In a popular oleograph representation of Khandoba, Mhalsa is seated in front of Khandoba on his white horse. Mhalsa is piercing a demon's chest with a spear, while a dog is biting his thigh and the horse is hitting his head. The other demon is grabbing the reins of the horse and attacking Khandoba with a club as Khandoba is dismounting the horse and attacking the demon with his sword. In other representations, Khandoba is seen seated on a horse with the heads of demons trod under the horse's hooves or their heads under Khandoba's knees.

In murtis (icons), Khandoba or Mailara is depicted as having four arms, carrying a damaru (drum), Trishula (trident), Bhandara-patra (turmeric powder-filled bowl) and khadga (sword). Khandoba's images are often dressed as a Maratha sardar, or a Muslim pathan. Often, Khandoba is depicted as a warrior seated on horseback with one or both of his wives and accompanied with one or more dogs. He is also worshipped as the aniconic linga, the symbol of Shiva. Often in Khandoba temples, both representations of Khandoba — the aniconic linga and the anthropomorphic horseback form.

Legends
Legends of Khandoba generally tell about the battle between the deity and demons Malla and Mani. The principle written source of the legend is Malhari Mahatmya (Mallari Mahatmya), which claims to be from the chapter Kshetra-kanda of the Sanskrit text Brahmanda Purana, but is not included in standard editions of the Purana. R.C. Dhere and Sontheimer suggests that the Sanskrit Mahatmya was composed around 1460–1510 AD, mostly by a Deshastha Brahmin, to whom Khandoba is the family deity. A version is also available in Marathi by Siddhapal Kesasri (1585). Other sources include the later texts of Jayadri Mahatmya and Martanda Vijaya by Gangadhara (1821) and the oral stories of the Vaghyas, bards of the god.

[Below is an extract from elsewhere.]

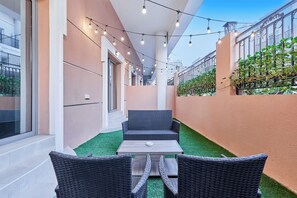 Premium Apartment, 1 King Bed | Terrace/patio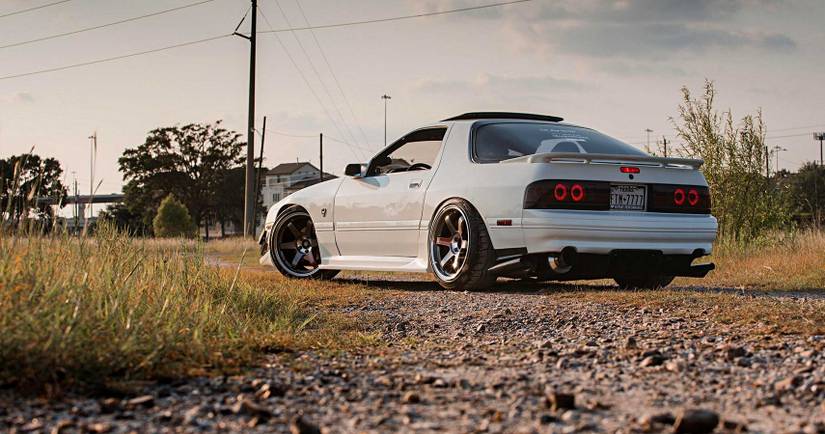 These Owners Modified Their Mazda RX7s Into Stunning Head Turners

The legend tell of the demon Malla and his younger brother Mani, who had gained the boon of invincibility from Brahma, creating chaos on the earth and harassing the sages. When the seven sages approached Shiva for protection after Indra and Vishnu confessed their incapability, Shiva assumed the form (Avatar) of Martanda Bhairava, as the Mahatmya calls Khandoba, riding the Nandi bull, leading an army of the gods. Martanda Bhairava is described as shining like the gold and sun, covered in turmeric also known as Haridra, three-eyed, with a crescent moon on his forehead. The demon army was slaughtered by the gods and finally Khandoba killed Malla and Mani. While dying, Mani offers his white horse to Khandoba as an act of repentance and asks for a boon. The boon is that he be present in every shrine of Khandoba, that human-kind is bettered and that he be given an offering of goat flesh. The boon was granted, and thus he was transformed into a demigod. Malla, when asked by the deity if he asked for a boon, asks for the destruction of the world and human-flesh. Angered by the demon's request, Khandoba decapitates him, and his head falls at the temple stairs where it was trampled by the devotees feet. The legend further describes how two Lingas appeared at Prempuri, the place where the demons were killed.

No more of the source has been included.